Top of SUPPLIED DATA

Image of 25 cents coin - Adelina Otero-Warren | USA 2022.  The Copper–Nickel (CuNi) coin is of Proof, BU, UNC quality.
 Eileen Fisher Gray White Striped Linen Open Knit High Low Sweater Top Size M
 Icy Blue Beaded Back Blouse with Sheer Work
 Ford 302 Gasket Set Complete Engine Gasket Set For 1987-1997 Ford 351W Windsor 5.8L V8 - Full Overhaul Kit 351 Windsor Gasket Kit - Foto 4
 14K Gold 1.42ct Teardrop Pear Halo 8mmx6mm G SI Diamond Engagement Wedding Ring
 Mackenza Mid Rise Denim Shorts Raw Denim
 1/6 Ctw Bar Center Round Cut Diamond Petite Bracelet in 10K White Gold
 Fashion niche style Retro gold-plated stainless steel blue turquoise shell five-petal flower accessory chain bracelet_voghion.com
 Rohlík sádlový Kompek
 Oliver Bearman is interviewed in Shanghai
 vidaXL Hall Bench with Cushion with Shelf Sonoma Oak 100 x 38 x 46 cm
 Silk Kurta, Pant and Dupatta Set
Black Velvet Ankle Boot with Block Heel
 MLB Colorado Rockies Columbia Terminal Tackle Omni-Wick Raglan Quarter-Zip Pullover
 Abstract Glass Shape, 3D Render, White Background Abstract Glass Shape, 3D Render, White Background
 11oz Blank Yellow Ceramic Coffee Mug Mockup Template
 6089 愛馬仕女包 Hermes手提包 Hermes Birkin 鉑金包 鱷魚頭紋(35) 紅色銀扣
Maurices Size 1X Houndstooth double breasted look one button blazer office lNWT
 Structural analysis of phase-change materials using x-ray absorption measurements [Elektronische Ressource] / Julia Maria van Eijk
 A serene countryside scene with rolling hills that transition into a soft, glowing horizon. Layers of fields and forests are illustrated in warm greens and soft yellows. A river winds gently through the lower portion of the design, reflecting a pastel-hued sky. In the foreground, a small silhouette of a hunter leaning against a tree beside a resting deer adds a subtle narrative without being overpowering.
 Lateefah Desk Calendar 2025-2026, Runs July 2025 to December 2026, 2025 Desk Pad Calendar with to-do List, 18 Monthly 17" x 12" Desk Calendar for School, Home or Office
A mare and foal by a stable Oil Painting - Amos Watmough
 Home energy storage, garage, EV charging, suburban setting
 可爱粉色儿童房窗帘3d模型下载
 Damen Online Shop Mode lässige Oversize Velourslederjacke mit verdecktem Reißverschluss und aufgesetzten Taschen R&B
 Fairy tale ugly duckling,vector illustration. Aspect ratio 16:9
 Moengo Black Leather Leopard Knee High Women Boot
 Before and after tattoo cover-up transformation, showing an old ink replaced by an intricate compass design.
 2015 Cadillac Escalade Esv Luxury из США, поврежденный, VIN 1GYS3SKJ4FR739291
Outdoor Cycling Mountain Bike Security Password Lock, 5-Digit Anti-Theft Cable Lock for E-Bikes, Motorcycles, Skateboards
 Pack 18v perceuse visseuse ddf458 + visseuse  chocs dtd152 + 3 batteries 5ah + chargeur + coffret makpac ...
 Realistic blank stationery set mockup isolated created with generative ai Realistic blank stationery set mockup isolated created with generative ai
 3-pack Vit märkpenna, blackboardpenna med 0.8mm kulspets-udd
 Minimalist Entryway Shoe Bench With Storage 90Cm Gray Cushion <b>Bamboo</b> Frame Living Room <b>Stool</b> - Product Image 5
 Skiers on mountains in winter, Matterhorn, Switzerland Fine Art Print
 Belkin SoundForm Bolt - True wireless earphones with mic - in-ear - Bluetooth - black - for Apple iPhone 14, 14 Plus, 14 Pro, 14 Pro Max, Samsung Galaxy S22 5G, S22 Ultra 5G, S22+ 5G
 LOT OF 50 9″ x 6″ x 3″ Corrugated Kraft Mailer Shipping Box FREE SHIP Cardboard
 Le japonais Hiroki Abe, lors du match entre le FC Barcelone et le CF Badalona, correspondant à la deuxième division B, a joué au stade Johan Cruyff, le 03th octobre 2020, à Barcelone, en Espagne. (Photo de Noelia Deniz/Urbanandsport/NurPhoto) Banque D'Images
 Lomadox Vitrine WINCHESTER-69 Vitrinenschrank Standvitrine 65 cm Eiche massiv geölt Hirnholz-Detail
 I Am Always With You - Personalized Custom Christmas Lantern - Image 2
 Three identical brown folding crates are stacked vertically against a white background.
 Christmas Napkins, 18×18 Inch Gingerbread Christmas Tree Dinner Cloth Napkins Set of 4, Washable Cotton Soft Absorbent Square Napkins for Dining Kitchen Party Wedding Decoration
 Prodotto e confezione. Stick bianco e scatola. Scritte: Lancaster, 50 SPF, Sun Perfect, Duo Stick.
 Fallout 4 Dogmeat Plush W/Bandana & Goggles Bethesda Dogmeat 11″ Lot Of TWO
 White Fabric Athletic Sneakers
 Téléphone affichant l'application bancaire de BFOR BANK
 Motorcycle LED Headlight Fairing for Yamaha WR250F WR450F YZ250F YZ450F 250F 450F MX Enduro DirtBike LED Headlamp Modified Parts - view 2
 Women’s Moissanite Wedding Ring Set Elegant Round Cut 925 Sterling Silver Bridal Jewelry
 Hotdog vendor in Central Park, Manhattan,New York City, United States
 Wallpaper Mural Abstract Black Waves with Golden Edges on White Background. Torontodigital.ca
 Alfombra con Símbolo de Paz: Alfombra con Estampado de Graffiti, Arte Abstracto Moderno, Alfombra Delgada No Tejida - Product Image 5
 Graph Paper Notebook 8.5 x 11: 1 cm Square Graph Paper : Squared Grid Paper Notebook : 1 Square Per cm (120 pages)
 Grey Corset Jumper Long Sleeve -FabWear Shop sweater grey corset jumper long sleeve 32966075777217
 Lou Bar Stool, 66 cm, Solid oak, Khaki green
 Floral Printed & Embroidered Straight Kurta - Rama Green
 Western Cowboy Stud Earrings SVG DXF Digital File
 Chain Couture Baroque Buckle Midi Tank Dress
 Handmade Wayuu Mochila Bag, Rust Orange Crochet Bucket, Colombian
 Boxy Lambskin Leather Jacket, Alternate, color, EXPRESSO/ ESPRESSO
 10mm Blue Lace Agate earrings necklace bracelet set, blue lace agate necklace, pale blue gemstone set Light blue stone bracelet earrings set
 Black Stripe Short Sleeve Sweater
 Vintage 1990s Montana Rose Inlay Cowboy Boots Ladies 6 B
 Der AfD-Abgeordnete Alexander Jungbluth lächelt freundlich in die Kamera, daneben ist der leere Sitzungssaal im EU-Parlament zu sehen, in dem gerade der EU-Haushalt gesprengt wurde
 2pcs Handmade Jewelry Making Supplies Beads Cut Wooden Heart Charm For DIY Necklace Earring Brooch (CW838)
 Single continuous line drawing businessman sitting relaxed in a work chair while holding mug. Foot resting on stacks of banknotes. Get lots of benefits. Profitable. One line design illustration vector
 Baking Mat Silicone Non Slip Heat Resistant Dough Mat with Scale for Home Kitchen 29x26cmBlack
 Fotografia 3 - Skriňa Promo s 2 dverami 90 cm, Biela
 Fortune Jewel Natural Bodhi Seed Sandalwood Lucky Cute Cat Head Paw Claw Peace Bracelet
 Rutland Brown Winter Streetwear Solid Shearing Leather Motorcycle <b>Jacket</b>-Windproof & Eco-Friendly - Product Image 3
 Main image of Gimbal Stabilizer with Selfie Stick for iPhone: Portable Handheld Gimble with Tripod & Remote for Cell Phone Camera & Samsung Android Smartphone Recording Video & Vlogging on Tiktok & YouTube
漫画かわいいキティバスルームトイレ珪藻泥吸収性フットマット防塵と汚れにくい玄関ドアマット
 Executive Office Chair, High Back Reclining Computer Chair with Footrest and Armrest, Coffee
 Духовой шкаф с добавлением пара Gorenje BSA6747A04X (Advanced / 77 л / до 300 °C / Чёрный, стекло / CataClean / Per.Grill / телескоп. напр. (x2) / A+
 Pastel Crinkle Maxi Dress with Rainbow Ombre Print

Bottom of SUPPLIED DATA

AIM OF THE EXERCISE:
Please give back the records exactly as written, beginning at the first line and including the line that holds "Mackenza Mid Rise Denim Shorts Raw Denim" as the last.

FINISHED EXERCISE:
Image of 25 cents coin - Adelina Otero-Warren | USA 2022.  The Copper–Nickel (CuNi) coin is of Proof, BU, UNC quality.
 Eileen Fisher Gray White Striped Linen Open Knit High Low Sweater Top Size M
 Icy Blue Beaded Back Blouse with Sheer Work
 Ford 302 Gasket Set Complete Engine Gasket Set For 1987-1997 Ford 351W Windsor 5.8L V8 - Full Overhaul Kit 351 Windsor Gasket Kit - Foto 4
 14K Gold 1.42ct Teardrop Pear Halo 8mmx6mm G SI Diamond Engagement Wedding Ring
 Mackenza Mid Rise Denim Shorts Raw Denim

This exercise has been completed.